[TiDB Version] v6.5.5
With the upgrade of the TiDB version, some concepts about clustered and non-clustered tables have become blurred during the use of the TiDB database. I have the following questions:
Regarding clustered tables:
The key-value pair of a clustered table is: primary key column data (key) - row data (value)
My question 1: If the primary key of the table is not an integer or the primary key is not a single column, is the key-value pair of the clustered table still like this? Is there a creation of tidb_rowid?
My question 2: How is the key-value pair of the secondary index of the clustered table composed? If the primary key is not an integer or the primary key is not a single column, will it change?
Regarding non-clustered tables:
The key-value pair of a non-clustered table:
tidb_rowid (key) - row data (value)
Primary key column data (key) - _tidb_rowid (value)
My question is, if the primary key of this non-clustered table is an integer, is the composition of the key-value pair in the secondary index of this table optimized to the primary key value or is it still tidb_rowid? According to the composition of the table data, tidb_rowid should be more efficient, but the document https://docs.pingcap.com/zh/tidb/stable/tidb-computing#索引数据和-key-value-的映射关系 does not distinguish between the two table types.
1: If the primary key of the table is not an integer or there is more than one primary key, in higher versions it is still a key-value pair, where the key is the primary key and the value is the data, without creating tidb_rowid.
2: The second one uses _tidb_rowid.
Testing
For non-clustered tables, the key used is _tidb_rowid.
The index of a clustered table is unrelated to the rowid.
Whether it is a clustered table or a non-clustered table, the key of the index is the value of the index column, and the key value is the value of the key in the data key-value pair. For a clustered table, it is the primary key, and for a non-clustered table, it is the rowid.
The difference between clustered and non-clustered tables is that the primary key of a clustered table is part of the Key in the KV mapping, while the Key of a non-clustered table is composed of the internally assigned _tidb_rowid by TiDB. Essentially, the primary key is a unique index, and only non-clustered tables have _tidb_rowid.
When creating a table, you can explicitly specify whether it is a clustered or non-clustered table.
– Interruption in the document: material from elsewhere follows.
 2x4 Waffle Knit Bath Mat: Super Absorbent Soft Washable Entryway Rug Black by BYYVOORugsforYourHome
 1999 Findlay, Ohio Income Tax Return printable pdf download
For statements that do not explicitly specify this keyword, the default behavior is influenced by the system variable @@global.tidb_enable_clustered_index. This variable has three values:
OFF means all primary keys use non-clustered indexes by default.
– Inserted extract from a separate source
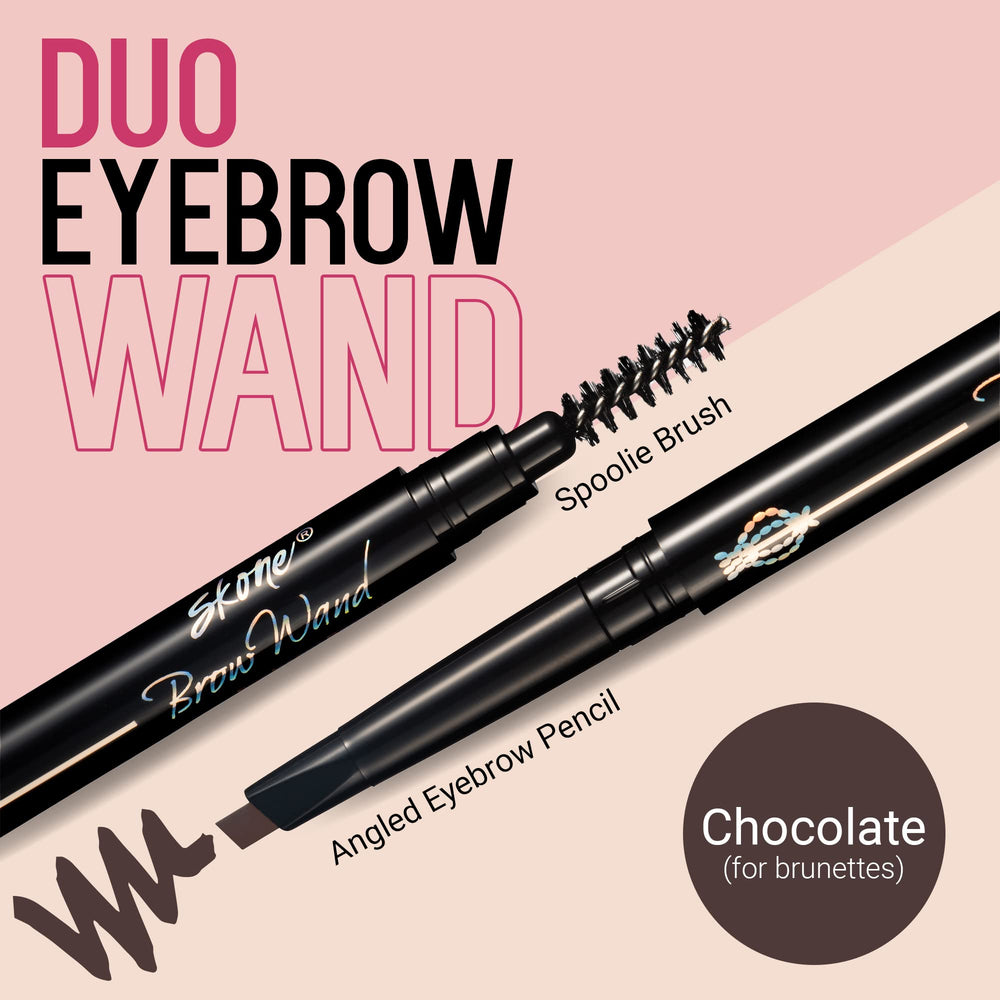Skone Original Brow Wand dual-ended brush enables easy shaping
ON means all primary keys use clustered indexes by default.
INT_ONLY means the behavior is controlled by the configuration item alter-primary-key. If this configuration item is set to true, all primary keys use non-clustered indexes by default; if set to false, primary keys composed of a single integer type column use clustered indexes by default, while other types of primary keys use non-clustered indexes by default.
If the primary key of the clustered table is not an integer or the primary key is not a single column, the clustered table does not create _tidb_rowid. You can try creating a clustered table with a primary key that is not an integer or not a single column, and then query _tidb_rowid to see if it reports an error; I understand that at this time its key value has become its primary key value (currently there is no specific evidence to certify this, I don’t know if any experts can prove it ).
I understand the same as above, the RowID part of the key-value pairs of the secondary index of the clustered table also becomes the primary key value.
Of course, it’s important. Clustered table data is arranged in order by the primary key, and the primary key does not have a physical index. Secondary indexes have additional physical indexes.
A clustered table is stored according to the primary key, and the secondary index points to the primary key’s key, hence it’s called a secondary index.
In a non-clustered table, data is stored as _tidb_rowid, and both the primary key and ordinary indexes point to _tidb_rowid, so it shouldn’t be called a secondary index.
Clustered tables have secondary indexes except for the primary key.
For non-clustered tables, I believe they are all secondary indexes. The primary key is just a unique non-null index, and the primary key is hidden as _tidb_rowid.